When it comes to cleaning a home naturally and in more eco-friendly ways, I’ve found that less is always more. I apply this theory to the different products and tools that I use to clean my house regularly in that the less supplies the better, the less dangerous (to us and the environment) chemical cleaners the better, and of course, the less storage space they take up in my home.

My biggest staple is the set of reusable washcloths (pictured above), that get used and washed over and over again. This saves huge amounts of money on paper towel, not to mention it’s one less thing being added to landfills. The cloths are sturdy and hold up to floor cleaning, wall washings, counter cleanings, and more. And if I ever find myself behind with laundry and out of these, an old rag or piece of clothing that’s no longer wearable works just fine, too. I also keep a scrubbing sponge at every location in the house (1 in the kitchen and 1 in each bathroom) that makes for convenient storage and a quick scrub whenever needed.

Other important tools that I use to clean my house are baking soda and vinegar. When I think of green cleaning, these are the ones that I stand by strongly and couldn’t imagine living without. Regular use of these has replaced many chemical cleaners in my house over the years including toilet bowl cleaner, glass cleaner, sink cleaner, tub cleaner, drain cleaner, and other bleach cleaners. And of course, I again enjoy the benefit of exposure to less chemicals in my home! Think about it, we bake with baking soda and cook with vinegar. That can’t say that about too many cleaning products!

Replacing many different cleaners with vinegar and baking soda certainly saves a good amount of money as these are SO economical. To minimize costs even further, I make sure to buy them in bulk (the biggest containers at my local grocery store or if I am lucky and can make it with a friend to Costco) and enjoy the fact that these large containers last such a long time. I never have to run to the store in a pinch to get a particular cleaner- I make it from what I have on hand instead.

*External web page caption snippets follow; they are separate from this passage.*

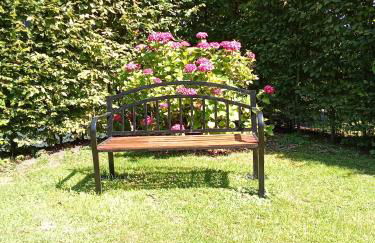 Place of Peace - Foto 28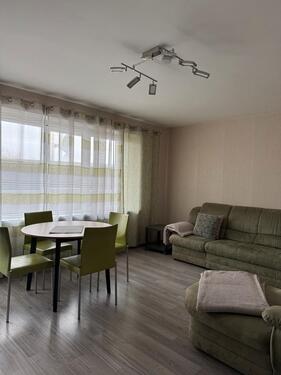 Foto - andere in Hannover zur Miete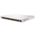 Cisco Business CBS350-48P-4X Managed Switch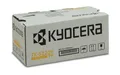Produktbild: Kyocera TK-5220Y Original Toner Gelb 1T02R9ANL1. Toner Drucker ECOSYS M5521cdn, ECOSYS M5521cdw, ECOSYS P5021cdn, ECOSYS P5021cdw.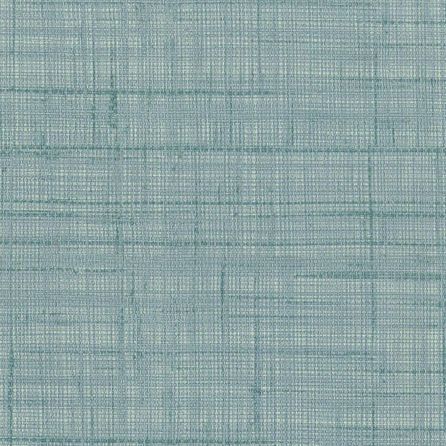 Εικόνα της ΤΑΠΕΤΣΑΡΙA PAJA WALL - ΤΙΡΚΟΥΑΖ 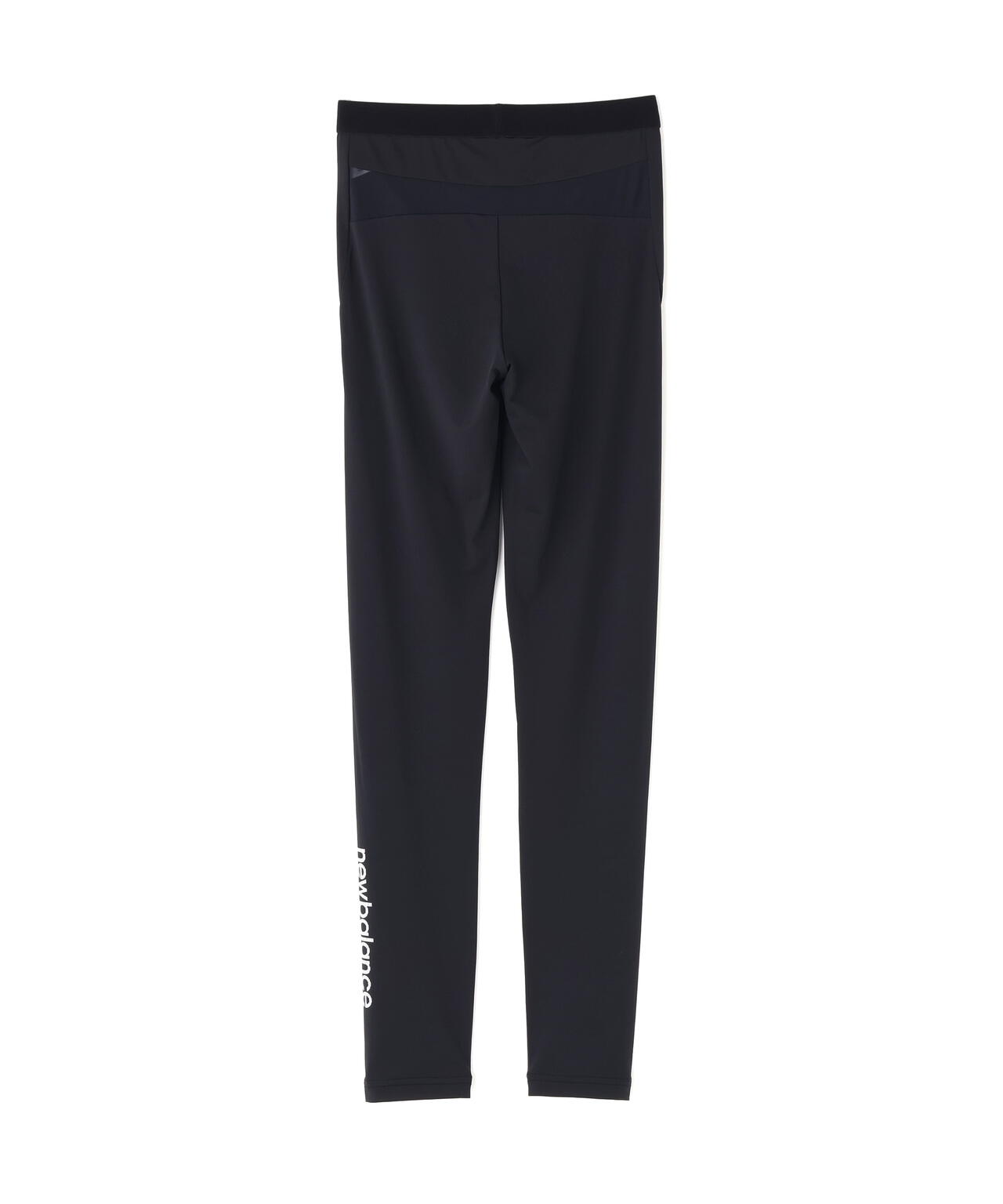 LEGGINGS | new balance golf（ニューバランス ゴルフ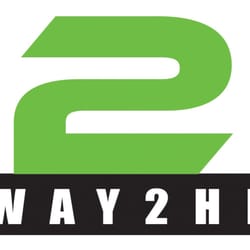 Highway 2 Health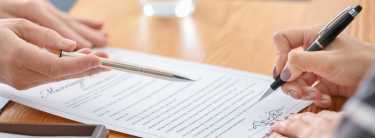 Inner Hero banner Image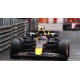 Red Bull RB18 11 Sergio Perez F1 Monaco 2022 Winner Spark S8533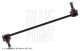 BLUE PRINT Stange/Strebe, Stabilisator ADK88510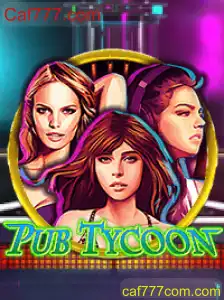 Explorando o Universo do Jogo PubTycoon: Regras e Estratégias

Also, getting creative with recycling in your home can save money in conjunction with natural cleaning. Old toothbrushes can make for good tight-spot scrubbers, worn-out shirts can be cut into nicely sized rags, and empty food containers can hold small amounts for easy grabbing of your bulk purchased baking soda, for example. Used peanut butter containers are my favorite for those. The best part, of course, is that these tools are free and being reused again and again!

Now, if you’re interested in getting even deeper into natural home cleaning, I’ll be launching my “Clean Start” E-book (now completely finished!) in the next week or two which will walk through natural home cleaning in each area of the home so keep an eye out for that! In the meantime, here’s one of my favorite cleaning recipes that will be included in it as a little sneak-peak!

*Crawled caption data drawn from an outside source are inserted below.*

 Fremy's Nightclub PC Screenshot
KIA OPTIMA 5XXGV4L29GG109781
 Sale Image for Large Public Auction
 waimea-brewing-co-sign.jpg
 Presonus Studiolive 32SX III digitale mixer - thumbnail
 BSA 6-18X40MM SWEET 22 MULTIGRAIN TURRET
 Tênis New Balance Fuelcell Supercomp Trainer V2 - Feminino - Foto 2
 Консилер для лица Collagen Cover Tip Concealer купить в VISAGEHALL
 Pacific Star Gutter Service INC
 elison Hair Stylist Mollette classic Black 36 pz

Easy Homemade Glass Cleaner: Mix 1 cup filtered or distilled water with 2 Tbsp vinegar in a spray bottle. Spray and wipe glass with a clean, lint-free cloth.

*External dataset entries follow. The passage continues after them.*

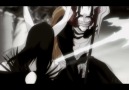 Bleach AMV - The Cry of Sorrow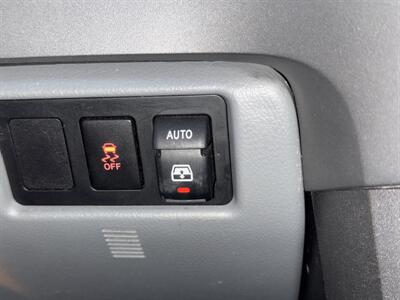 2014 Toyota Sequoia Limited - Photo 27 - San Juan Capistrano, CA 92675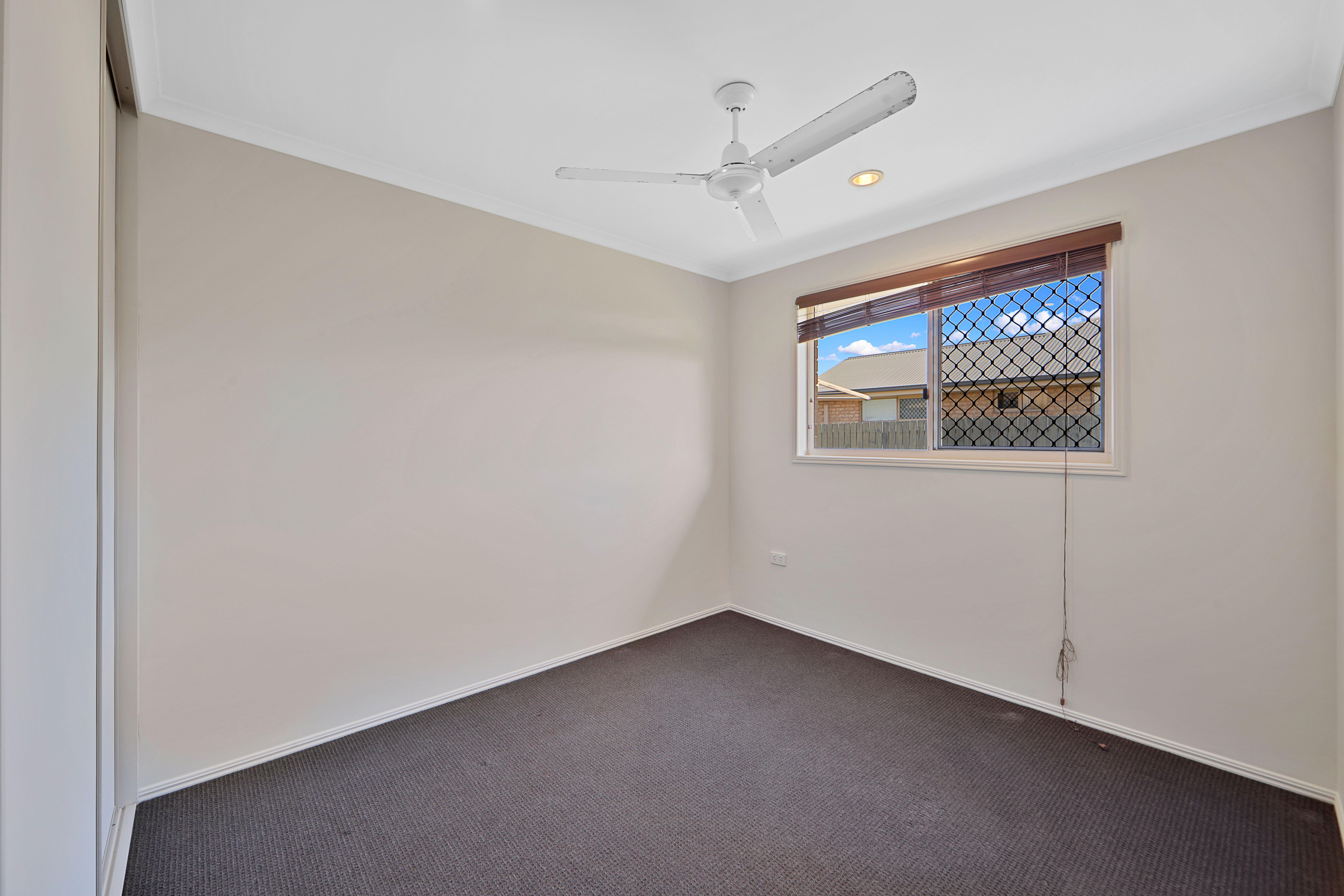House for Rent: Bargara, QLD 4670, QLD, 4670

See how simple natural home cleaning can be?

Check Out These Other Great Posts in the Go Green & Save Green Series:

Kinda Crunchy Kate: Swap Paper Towels and Napkins for Cloth

A Delightful Home: 5 Natural Cleaning Tips







{ 3 comments… read them below or add one }

Andrea @ The Greenbacks Gal September 14, 2011 at 10:11 am

All great tips!

Terri September 18, 2011 at 8:06 pm

One thing I learned a couple of years ago: make sure the vinegar’s label says that it is made from plants. If its label does not specifically say it is made from a plant than it is most likely made from a petroleum by-product. I was very shocked to learn this and had to stop buying vinegar in bulk at Sam’s.

Thank you for some more great ideas! :)

Michelle September 19, 2011 at 4:01 pm

Hi Terri,

This is shocking news to me. Thank you for sharing- I will make sure to look closely at any vinegar labels I purchase in the future!